Ingram Touts Print-on-Demand Capacity Boost: UK, Australia, USA

In News by Porter Anderson

Book distribution giant Ingram announces today the autumn opening of a new printing and shipping facility in Melbourne, while American and British plants are being upgraded.

Ingram Content Group has a new 50,000-square-foot Lightning Source facility being built in Melbourne, Australia, to come online in the autumn. This photo is from June 8 in Melbourne during pandemic restrictions. Image – iStockphoto: Craig RJD

By Porter Anderson, Editor-in-Chief | @Porter_Anderson

‘Recent Shifts in the Market and Supply Chain’
Given “recent shifts in the market and supply chain,” Ingram Content Group‘s Lightning Source—the company’s international print-on-demand division—has announced today (July 6) that it’s planning to boost “capacity growth through equipment investments in the United States, the United Kingdom, and Australia.”

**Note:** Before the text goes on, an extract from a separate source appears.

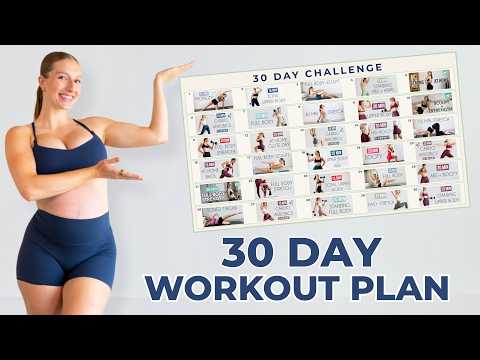 30 DAY HOME WORKOUT CHALLENGE | FREE Full Body Workout Plan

It’s an interesting glimpse into what a worldwide pandemic might mean to an international book distributor to read, “After making a significant investment to replace and upgrade its print fleet just three years ago, Lightning Source is again making a significant investment to heighten support for the publishing industry given recent shifts in the market and supply chain.”

Referring to “virtual inventory”—which turns into physical books once a print copy is ordered—the company writes in its media messaging today, “For retailers and libraries, Ingram’s print-on-demand services capture every sale and circulation by showing inventory availability.

“Connecting Ingram’s global network of manufacturing and distribution helps make millions of titles available for purchase” in many parts of the world.

Probably the most element of today’s announcement is the new plant Ingram is building in Melbourne, Australia, “along with additional printing and finishing equipment.” The facility is to comprise 50,000 square feet (4,645.2 square meters) and, Ingram says, “will double print and shipping capabilities in Australia while adding dozens of new jobs.”

The new operation is to be online in the autumn, Ingram saying that its “virtual inventory and print-on-demand distribution service in Australia has become very attractive to overseas publishers. The current fragility of traditional supply chains and increases in export freight costs have made integrated, local, manufacturing solutions more attractive.”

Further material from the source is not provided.